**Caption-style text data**
#####
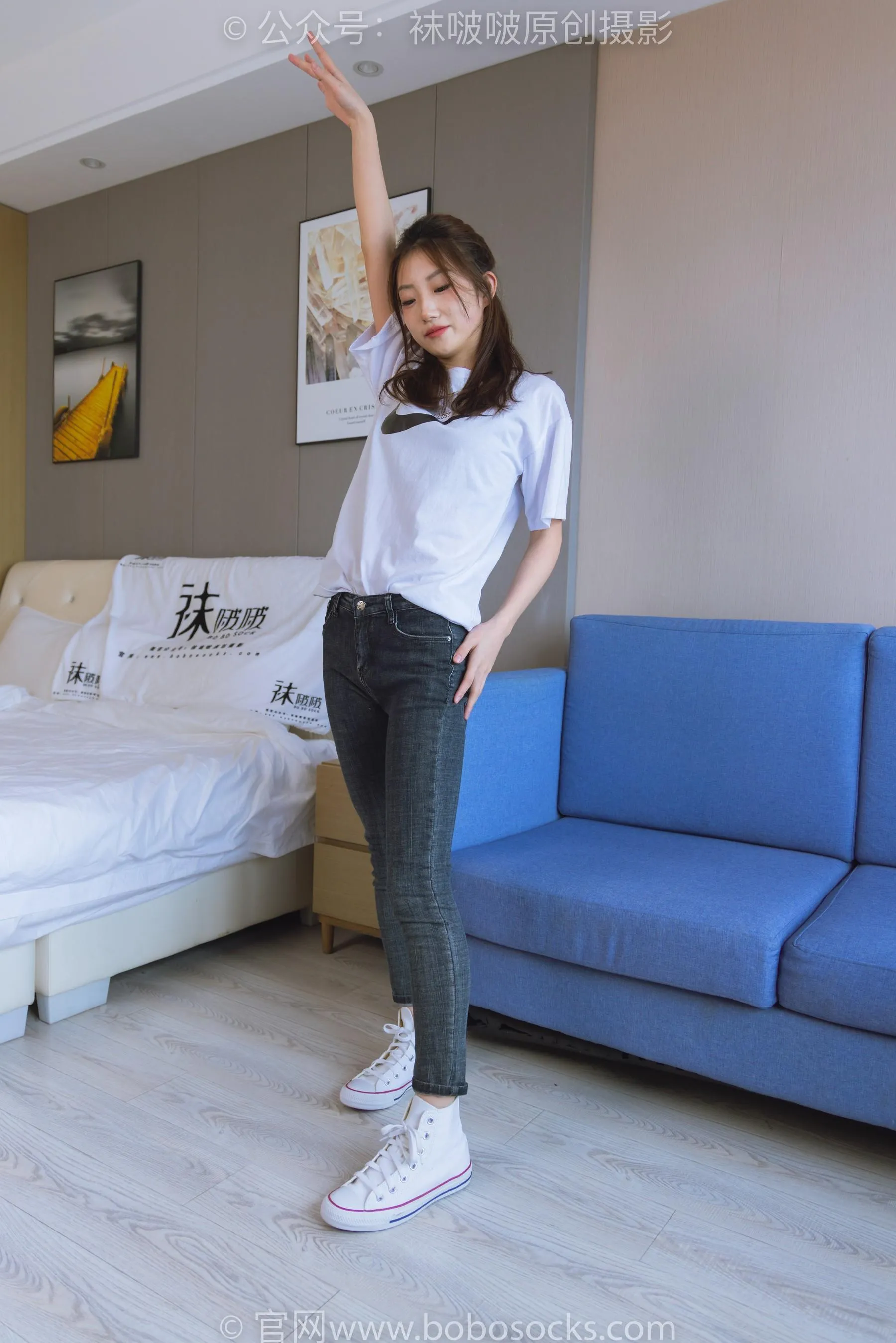 [BoBoSocks袜啵啵]NO.220 小沫-两双板鞋、短肉丝、裸足 [87P]插图1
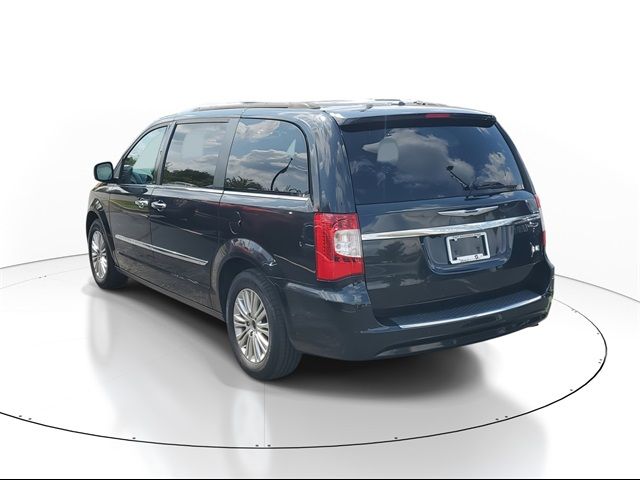 2016 Chrysler Town & Country Touring-L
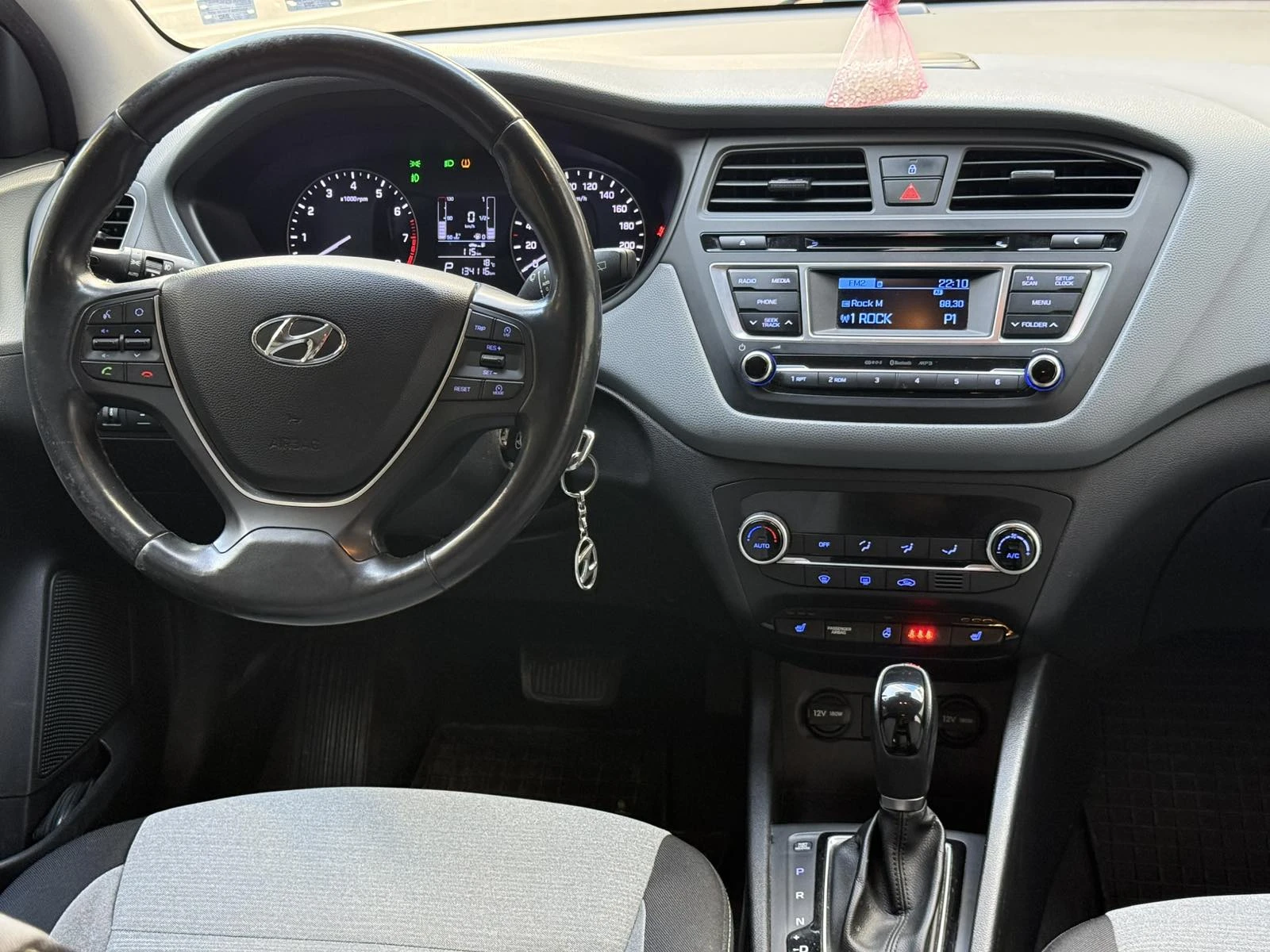 Hyundai I20 1.4 AUTOMATIC LED EURO 6B, снимка 8 - Автомобили и джипове - 56351297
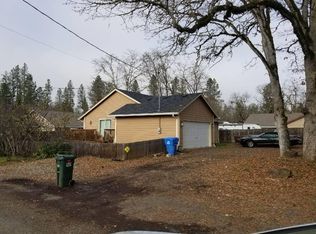 60 Maple St, Shady Cove, OR 97539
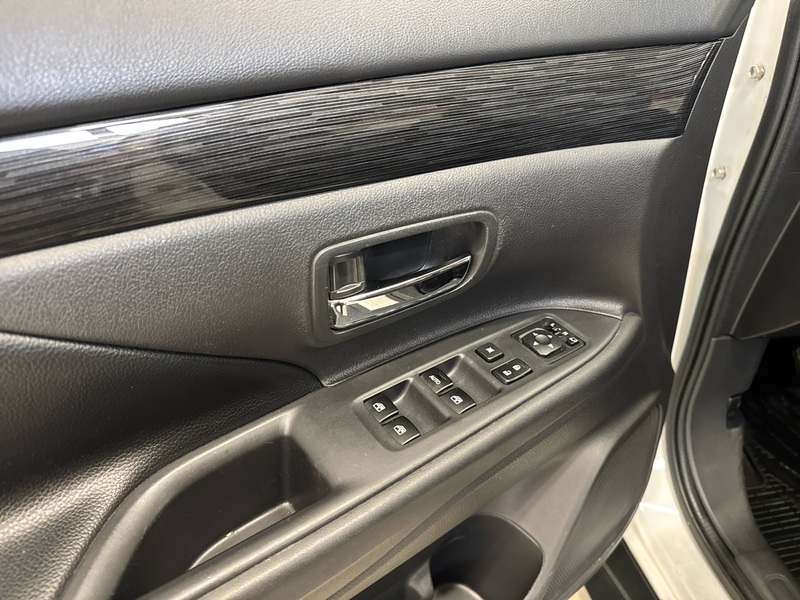 Mitsubishi Outlander vaihtoauto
#####
**What the task asks**
Return all the records above exactly, pictures omitted.

**Answer section**
 [BoBoSocks袜啵啵]NO.220 小沫-两双板鞋、短肉丝、裸足 [87P]插图1
 2016 Chrysler Town & Country Touring-L
 Hyundai I20 1.4 AUTOMATIC LED EURO 6B, снимка 8 - Автомобили и джипове - 56351297
 60 Maple St, Shady Cove, OR 97539
 Mitsubishi Outlander vaihtoauto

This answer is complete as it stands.